[Captioned web images]
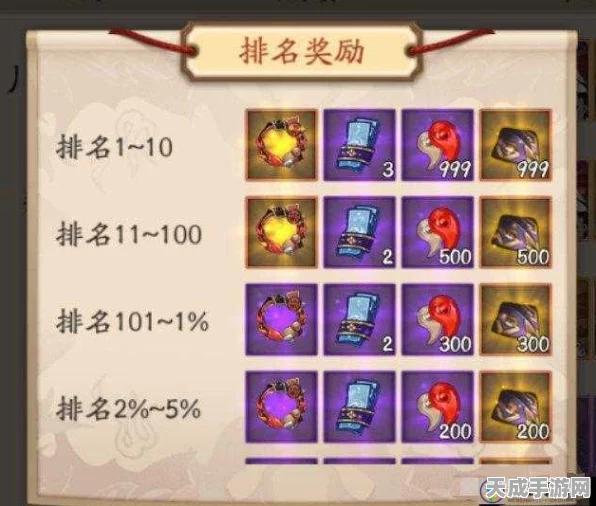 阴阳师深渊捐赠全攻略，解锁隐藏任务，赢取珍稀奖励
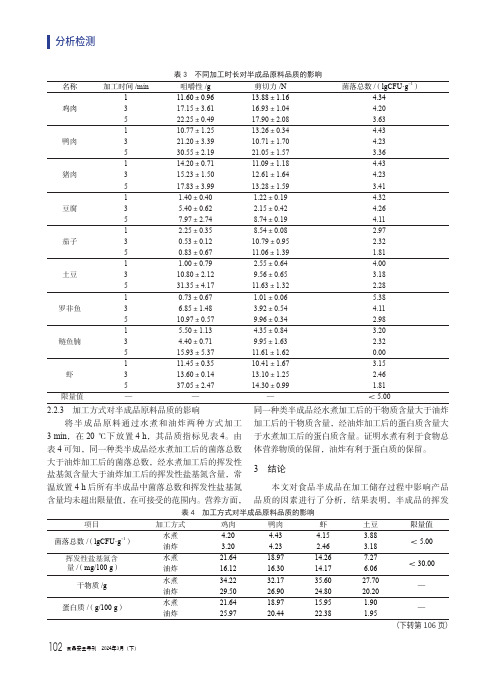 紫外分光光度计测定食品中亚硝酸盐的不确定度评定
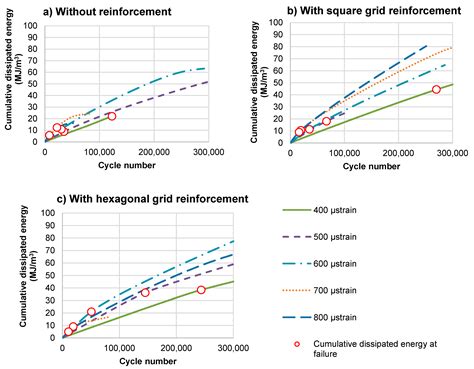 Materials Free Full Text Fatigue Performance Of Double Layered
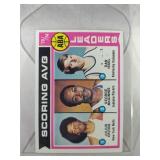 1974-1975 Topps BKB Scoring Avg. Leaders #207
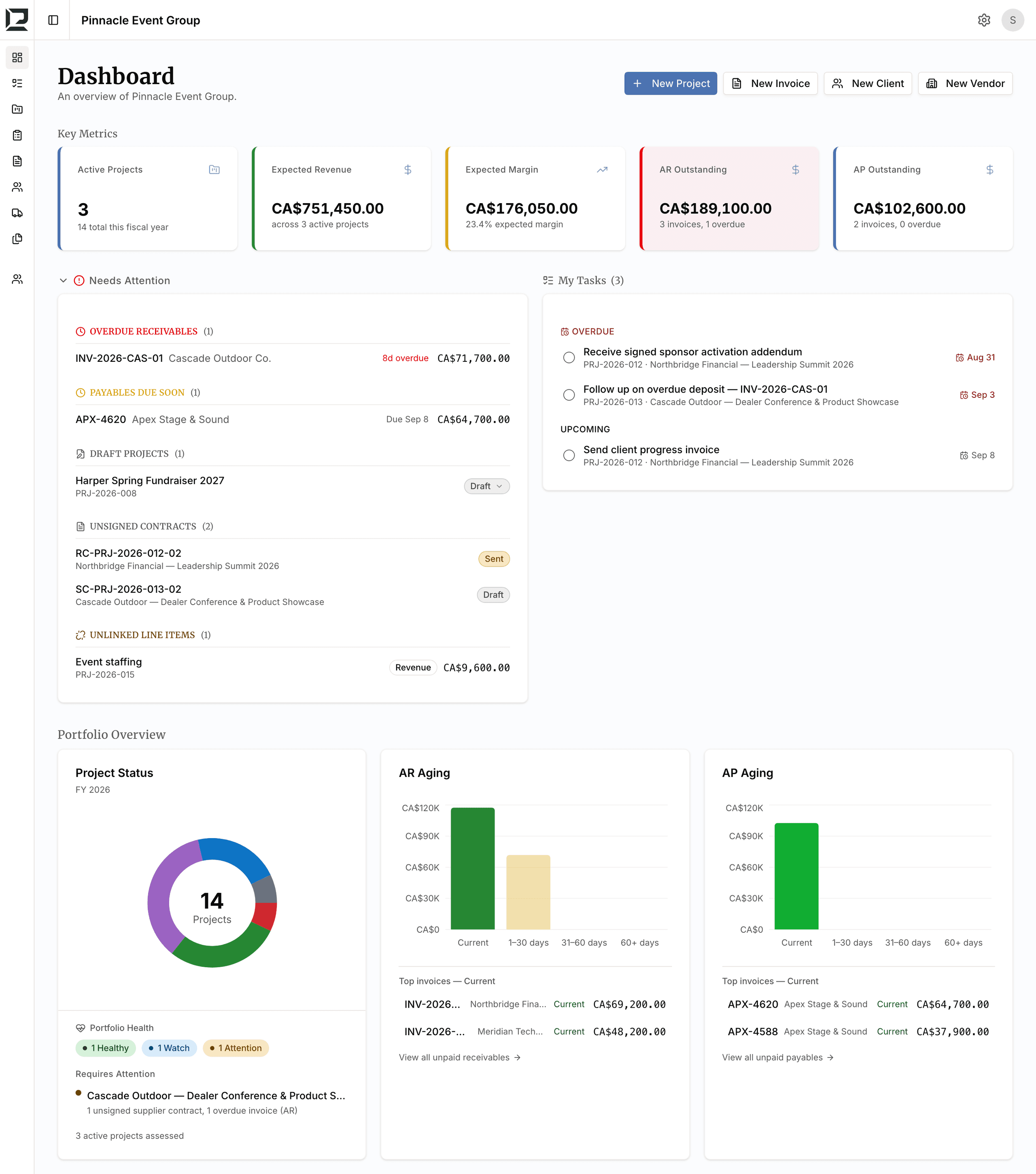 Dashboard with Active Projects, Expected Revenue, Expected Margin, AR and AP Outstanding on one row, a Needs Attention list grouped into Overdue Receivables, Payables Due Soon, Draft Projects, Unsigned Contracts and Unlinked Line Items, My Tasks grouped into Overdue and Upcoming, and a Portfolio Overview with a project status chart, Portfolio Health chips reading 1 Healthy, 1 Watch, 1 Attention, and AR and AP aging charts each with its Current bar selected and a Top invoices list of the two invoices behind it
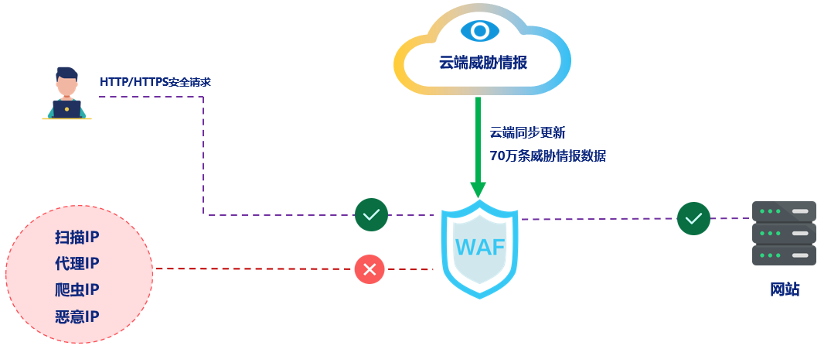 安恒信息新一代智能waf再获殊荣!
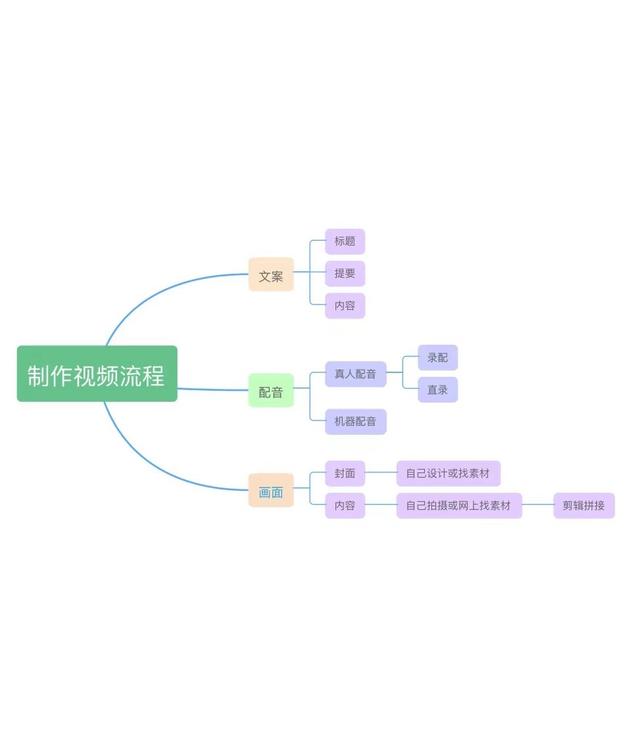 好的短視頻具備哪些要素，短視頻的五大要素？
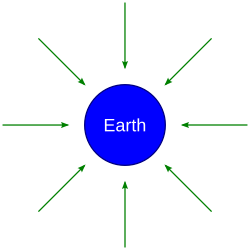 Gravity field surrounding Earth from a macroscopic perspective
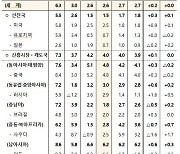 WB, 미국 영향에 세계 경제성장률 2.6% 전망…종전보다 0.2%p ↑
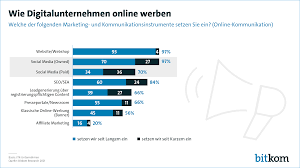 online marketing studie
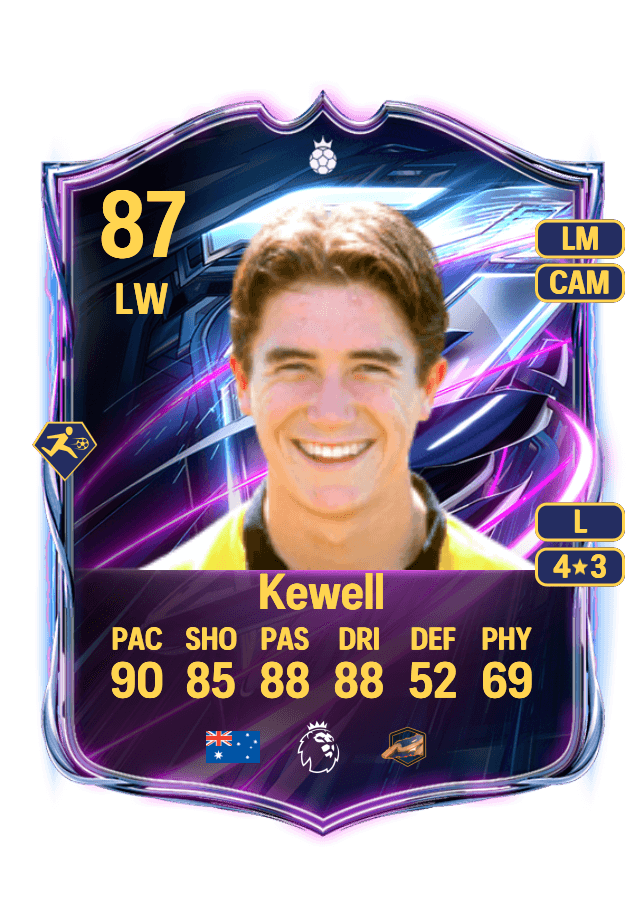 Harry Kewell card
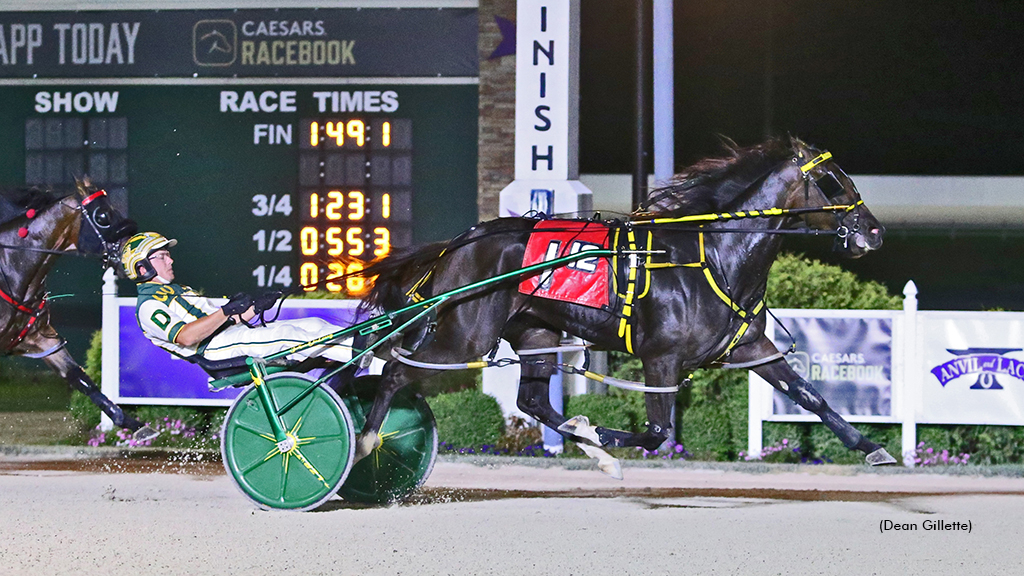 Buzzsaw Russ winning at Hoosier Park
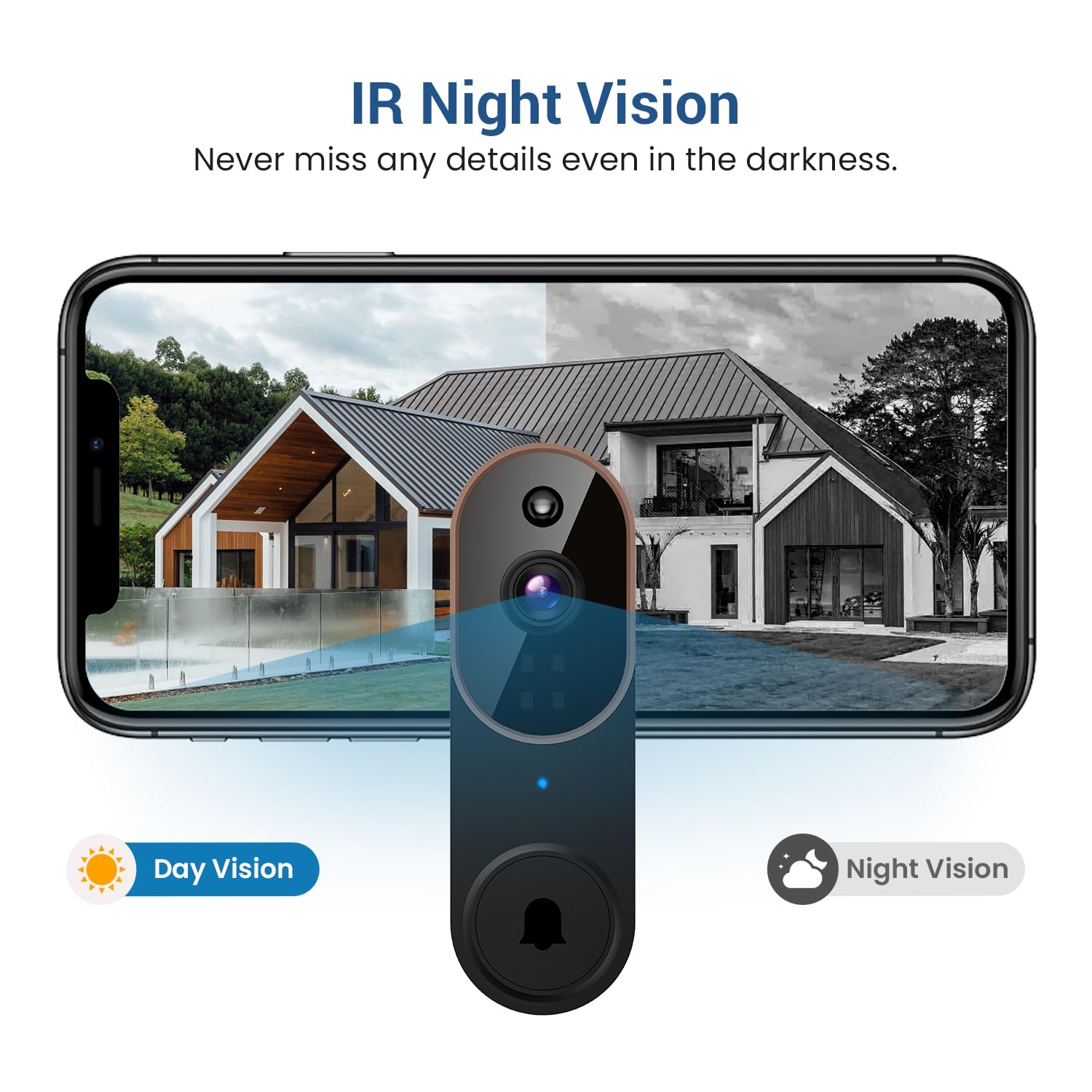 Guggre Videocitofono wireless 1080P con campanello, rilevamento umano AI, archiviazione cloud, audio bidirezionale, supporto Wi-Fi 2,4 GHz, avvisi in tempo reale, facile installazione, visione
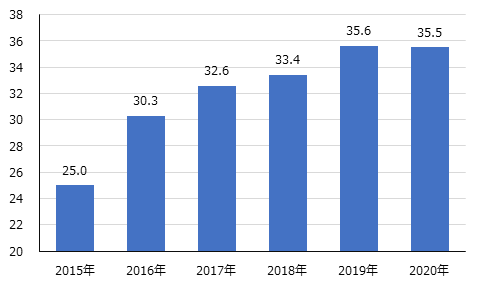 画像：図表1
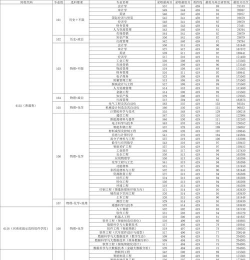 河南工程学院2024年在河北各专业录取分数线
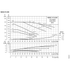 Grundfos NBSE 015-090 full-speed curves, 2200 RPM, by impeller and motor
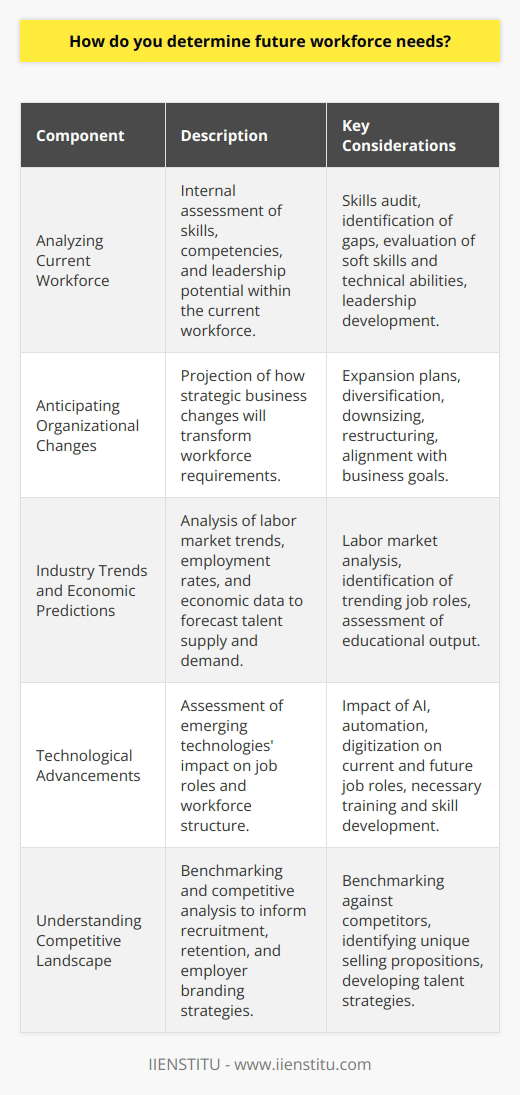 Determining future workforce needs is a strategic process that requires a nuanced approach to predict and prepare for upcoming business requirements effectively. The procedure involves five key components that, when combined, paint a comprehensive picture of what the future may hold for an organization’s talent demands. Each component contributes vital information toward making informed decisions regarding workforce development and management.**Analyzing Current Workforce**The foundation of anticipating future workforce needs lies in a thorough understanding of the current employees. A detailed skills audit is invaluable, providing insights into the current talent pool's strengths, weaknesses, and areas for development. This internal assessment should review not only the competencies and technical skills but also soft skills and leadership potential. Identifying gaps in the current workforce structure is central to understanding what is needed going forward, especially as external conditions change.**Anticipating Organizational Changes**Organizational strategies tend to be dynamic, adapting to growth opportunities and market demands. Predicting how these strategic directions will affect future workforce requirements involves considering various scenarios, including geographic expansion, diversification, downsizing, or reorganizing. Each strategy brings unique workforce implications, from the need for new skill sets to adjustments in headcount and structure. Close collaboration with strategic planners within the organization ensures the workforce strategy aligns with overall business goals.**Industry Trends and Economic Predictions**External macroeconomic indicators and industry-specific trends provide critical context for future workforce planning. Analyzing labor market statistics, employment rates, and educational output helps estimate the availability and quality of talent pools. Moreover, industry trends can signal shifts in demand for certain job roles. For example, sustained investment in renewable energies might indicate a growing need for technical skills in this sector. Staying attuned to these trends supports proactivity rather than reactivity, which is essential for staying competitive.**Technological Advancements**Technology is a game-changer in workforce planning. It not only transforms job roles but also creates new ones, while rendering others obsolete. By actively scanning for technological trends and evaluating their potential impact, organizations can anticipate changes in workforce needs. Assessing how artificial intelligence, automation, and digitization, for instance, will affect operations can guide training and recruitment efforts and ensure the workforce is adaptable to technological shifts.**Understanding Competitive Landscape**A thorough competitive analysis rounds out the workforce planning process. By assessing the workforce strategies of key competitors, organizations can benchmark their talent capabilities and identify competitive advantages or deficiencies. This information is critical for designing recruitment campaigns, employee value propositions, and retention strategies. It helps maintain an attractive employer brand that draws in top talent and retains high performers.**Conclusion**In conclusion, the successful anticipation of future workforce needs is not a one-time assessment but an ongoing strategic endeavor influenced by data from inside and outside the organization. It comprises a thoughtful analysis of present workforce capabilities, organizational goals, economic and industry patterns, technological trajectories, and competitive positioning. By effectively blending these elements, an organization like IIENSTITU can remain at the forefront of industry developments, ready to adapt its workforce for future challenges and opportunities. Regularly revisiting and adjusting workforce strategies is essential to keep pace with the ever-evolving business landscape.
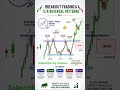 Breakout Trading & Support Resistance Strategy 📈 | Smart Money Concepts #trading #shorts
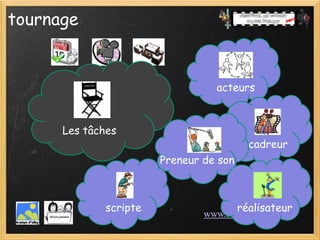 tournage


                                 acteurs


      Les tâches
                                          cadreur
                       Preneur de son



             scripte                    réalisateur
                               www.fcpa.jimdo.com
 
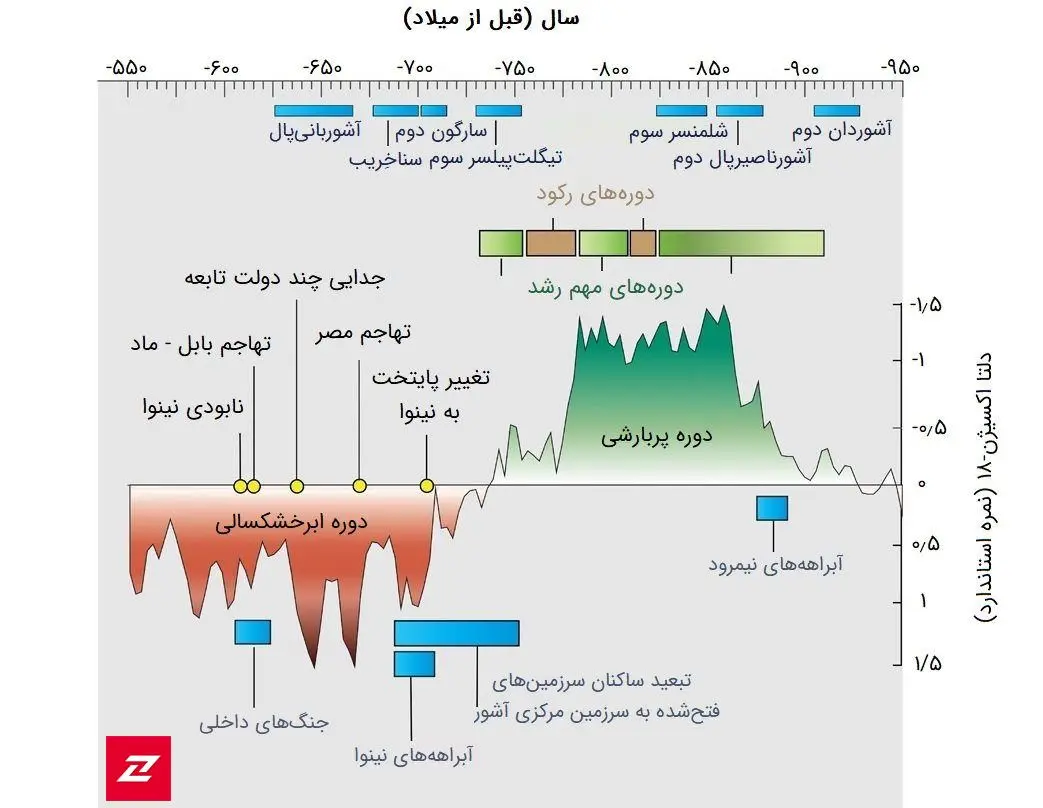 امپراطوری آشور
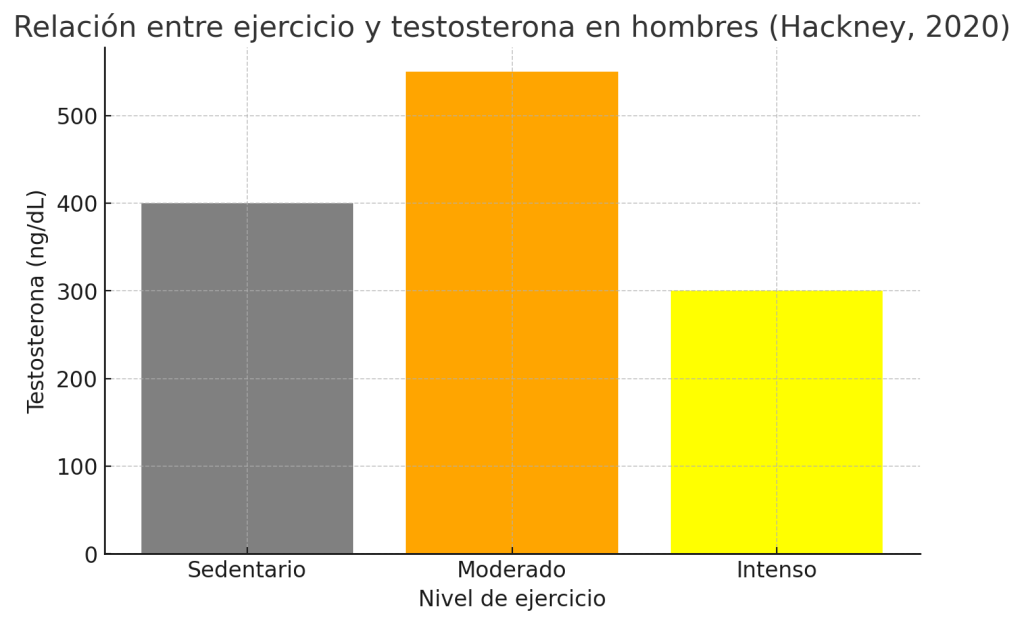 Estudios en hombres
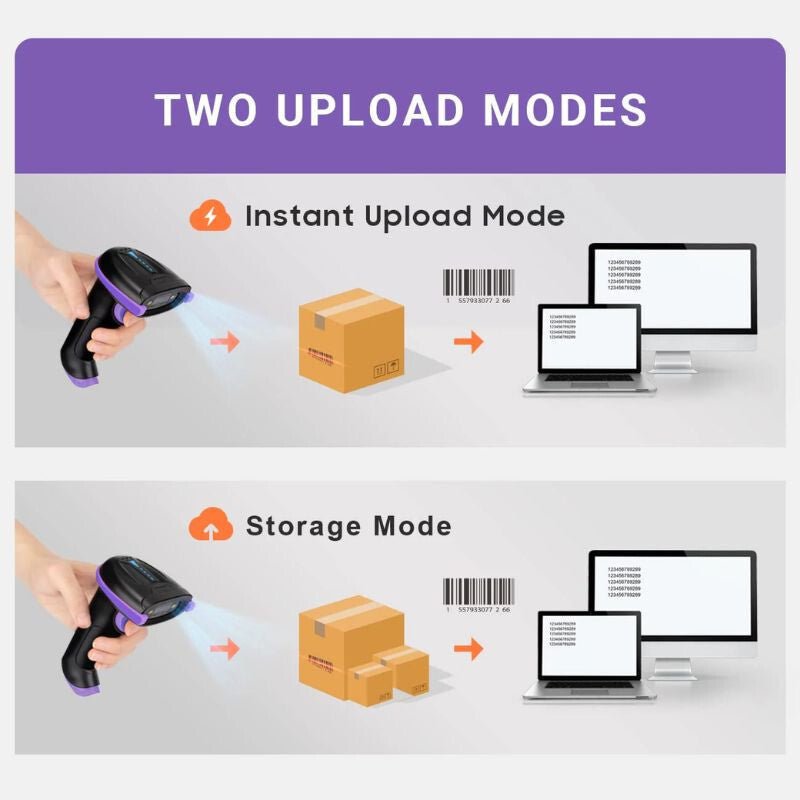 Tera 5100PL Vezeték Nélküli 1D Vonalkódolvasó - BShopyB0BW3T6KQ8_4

What the task asks
Write out the line that contains "Estudios en hombres" and every line after it to the end of the data, exactly as they stand. Omit the pictures.

Written solution
 Estudios en hombres
 Tera 5100PL Vezeték Nélküli 1D Vonalkódolvasó - BShopyB0BW3T6KQ8_4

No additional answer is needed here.